Further down the list, the Dutch-based Vion Food Group (which was formerly known as Bestmeat) now ranks as one of Europe’s leading suppliers of meat-based products, with all its Dutch and German companies having combined into one entity. Vion now forms part of the Sovion Group, which also includes Sobel, a manufacturer of ingredients. The world’s leading supplier of meat-based products is Tyson Foods, which occupies seventh place in the ranking with annual sales worth almost US$26 billion.
Top and bottom
Nestlé remains the global leader, with food and drink sales worth more than US$73 billion in the year ending December 2005. This represents an increase of nearly seven per cent compared with the previous year. Within the last 12 months, Nestlé has also increased its revenues via acquisition activity, in particular within the health and wellness arena. In the middle of 2006, the company acquired Jenny Craig, a supplier of weight management products, for around US$600 million. This business was subsequently incorporated into its Nutrition, Health & Wellness division. Earlier in the year, Nestlé had also acquired the Australian-based Uncle Toby’s business, which now forms part of its Cereal Partners Worldwide (CPW) joint venture.
PepsiCo remains in second place in the ranking, although its sales have dipped by almost four per cent within the last year. In third position is Kraft, slightly ahead of Archer Daniels Midland (ADM). In spite of its recent divestment activity (the most recent example of which was the Cream of Wheat range of hot cereals, sold at the start of 2007), Kraft still appears keen to expand in selected channels, an example of which is the acquisition of the Iberian operations of United Biscuits, as a result of which it gained control of the Oreo and Ritz brands in Spain and Portugal.

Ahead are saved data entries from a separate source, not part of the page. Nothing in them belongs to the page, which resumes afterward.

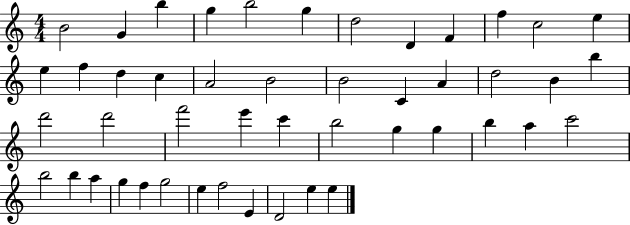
B4/h G4/q B5/q G5/q B5/h G5/q D5/h D4/q F4/q F5/q C5/h E5/q E5/q F5/q D5/q C5/q A4/h B4/h B4/h C4/q A4/q D5/h B4/q B5/q D6/h D6/h F6/h E6/q C6/q B5/h G5/q G5/q B5/q A5/q C6/h B5/h B5/q A5/q G5/q F5/q G5/h E5/q F5/h E4/q D4/h E5/q E5/q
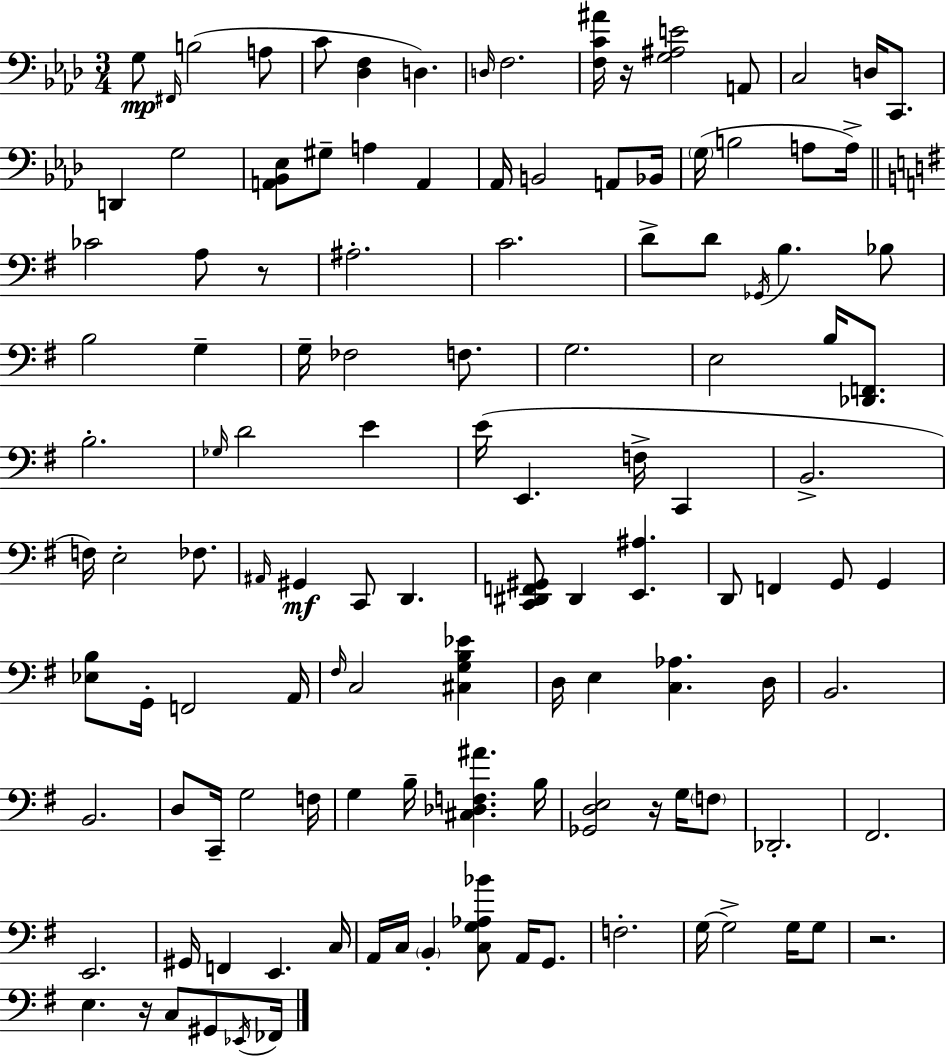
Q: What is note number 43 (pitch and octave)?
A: B3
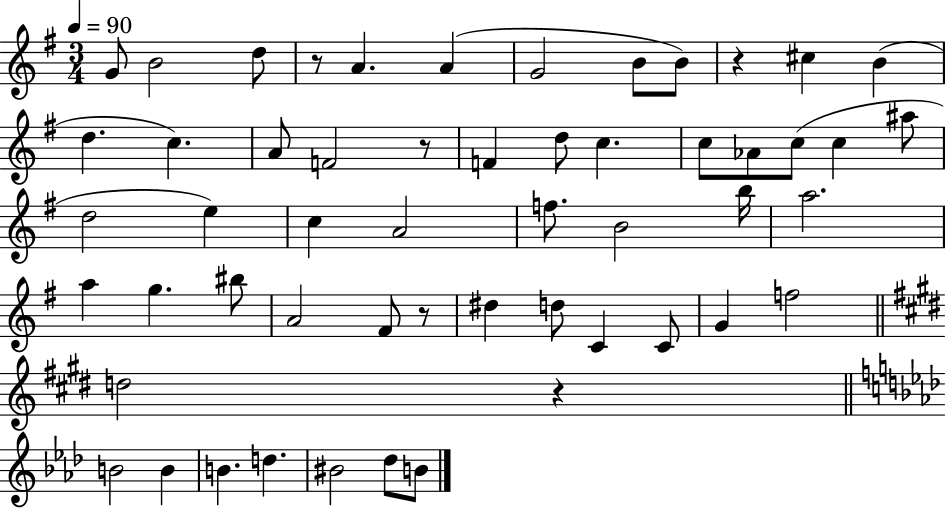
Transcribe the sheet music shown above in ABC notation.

X:1
T:Untitled
M:3/4
L:1/4
K:G
G/2 B2 d/2 z/2 A A G2 B/2 B/2 z ^c B d c A/2 F2 z/2 F d/2 c c/2 _A/2 c/2 c ^a/2 d2 e c A2 f/2 B2 b/4 a2 a g ^b/2 A2 ^F/2 z/2 ^d d/2 C C/2 G f2 d2 z B2 B B d ^B2 _d/2 B/2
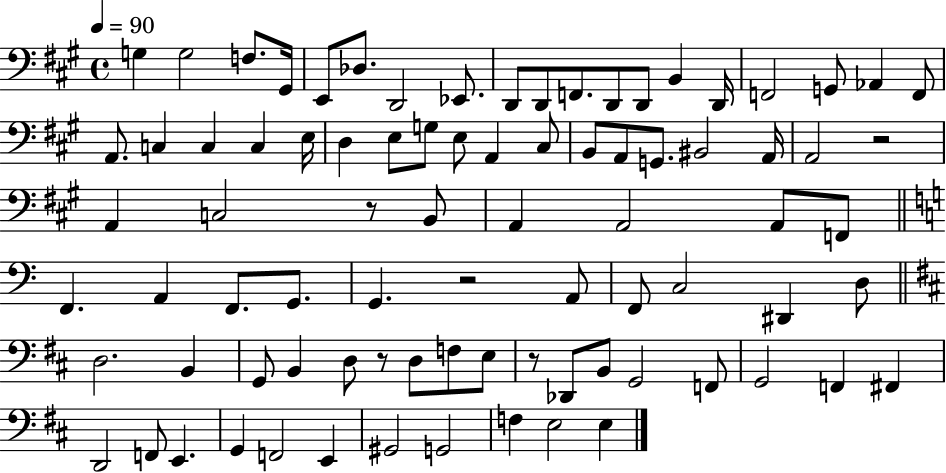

Towards the bottom of the list, some of the more recent entrants include Dairy Crest of the UK, which acquired Express Dairies in the summer of 2006 and thereby became the leading deliverer of doorstep milk in England and Wales. With annual sales worth around US$2.7 billion, the US-based winemaker E & J Gallo has also entered the ranking, and now lies in 90th position. In contrast, the Dutch company Royal Wessanen (which experienced a 15 per cent decline in sales) and the Japanese firm Snow Brand Milk Products have slipped out of the top 100.